Hard Tree Problems

[!NOTE] This module explores the core principles of Tree Practice Problems, deriving solutions from first principles and hardware constraints to build world-class, production-ready expertise.

These problems require a shift in thinking: you often need to calculate one thing (e.g., height) to compute the answer (e.g., diameter), but return something else up the recursion stack.

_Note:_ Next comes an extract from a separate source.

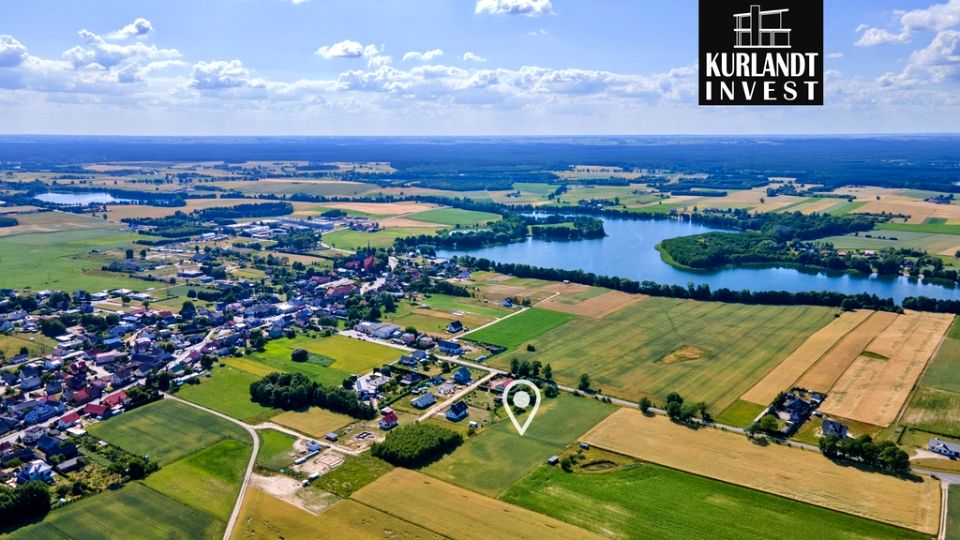 Działka budowlana Bysław
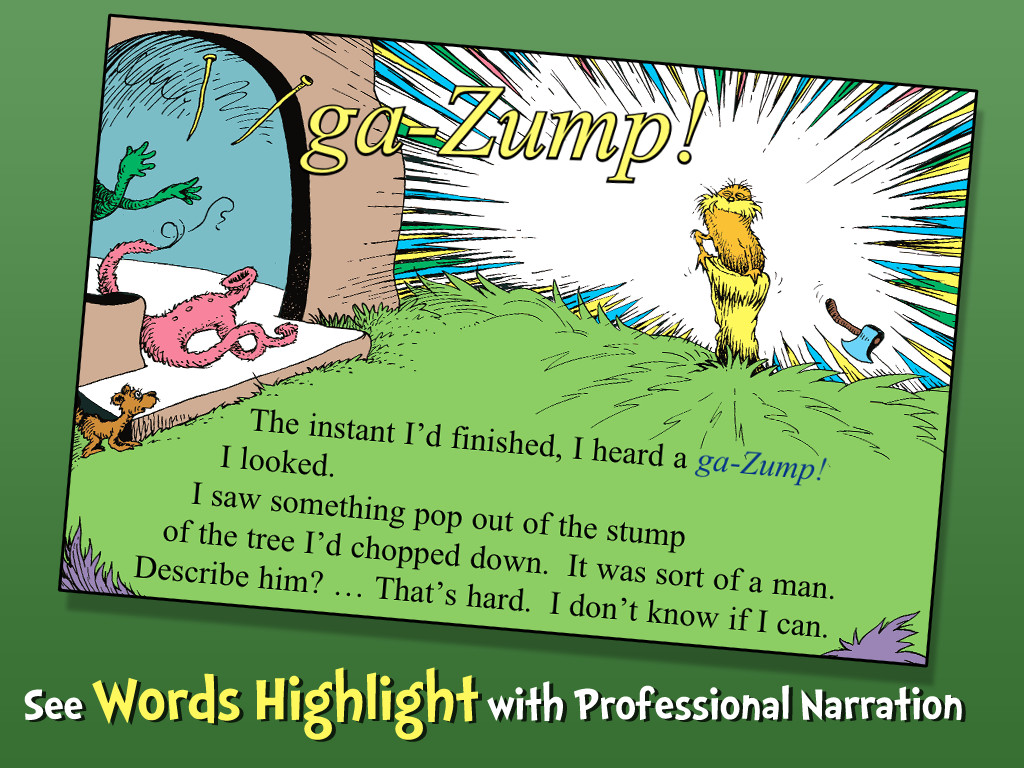 The Lorax Book Quotes. QuotesGram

1. Diameter of Binary Tree

Problem: The length of the longest path between any two nodes in a tree. This path may or may not pass through the root.

Intuition

For any node N, the longest path passing through N is Height(Left) + Height(Right). The global “Diameter” is the maximum of this value found at any node in the tree.

Strategy:

  1. Use DFS to calculate Height.
  2. Update a global max variable with L + R at each node.
  3. Return max(L, R) + 1 to the parent (standard height calculation).

Interactive Analysis

Visualize the path calculation. The “Diameter” passing through the highlighted node is the sum of its left and right heights.

Tree Ready.
Max Diameter: 0

Solutions

Java
Go
```java class Solution { int maxDiameter = 0; public int diameterOfBinaryTree(TreeNode root) { height(root); return maxDiameter; } private int height(TreeNode node) { if (node == null) return 0; int left = height(node.left); int right = height(node.right); // Update global max (edges = L + R) maxDiameter = Math.max(maxDiameter, left + right); // Return height to parent return Math.max(left, right) + 1; } } ```
```go func diameterOfBinaryTree(root *TreeNode) int { maxD := 0 var height func(*TreeNode) int height = func(node *TreeNode) int { if node == nil { return 0 } left := height(node.Left) right := height(node.Right) if left + right > maxD { maxD = left + right } if left > right { return left + 1 } return right + 1 } height(root) return maxD } ```

2. Binary Tree Maximum Path Sum

Problem: Find the maximum path sum between any two nodes. The path must follow connections. Nodes can be negative.

Intuition

This is the same as “Diameter”, but instead of Height = Max(L, R) + 1, we carry the MaxSum = Max(L, R) + Node.Val. Catch: If a branch sum is negative, ignore it (treat as 0). Adding a negative path reduces your total.

Solutions

Java
Go
```java class Solution { int maxSum = Integer.MIN_VALUE; public int maxPathSum(TreeNode root) { gain(root); return maxSum; } private int gain(TreeNode node) { if (node == null) return 0; // If gain is negative, ignore the branch (0) int leftGain = Math.max(gain(node.left), 0); int rightGain = Math.max(gain(node.right), 0); // Path through current root int currentPathSum = node.val + leftGain + rightGain; maxSum = Math.max(maxSum, currentPathSum); // Return max gain one path up return node.val + Math.max(leftGain, rightGain); } } ```
```go func maxPathSum(root *TreeNode) int { maxS := -1000000000 // Min Int var gain func(*TreeNode) int gain = func(node *TreeNode) int { if node == nil { return 0 } left := max(gain(node.Left), 0) right := max(gain(node.Right), 0) currentPath := node.Val + left + right if currentPath > maxS { maxS = currentPath } return node.Val + max(left, right) } gain(root) return maxS } func max(a, b int) int { if a > b { return a } return b } ```

Complexity

Strategy Time Space Notes
DFS O(N) O(H) Visit every node once. Space is recursion depth.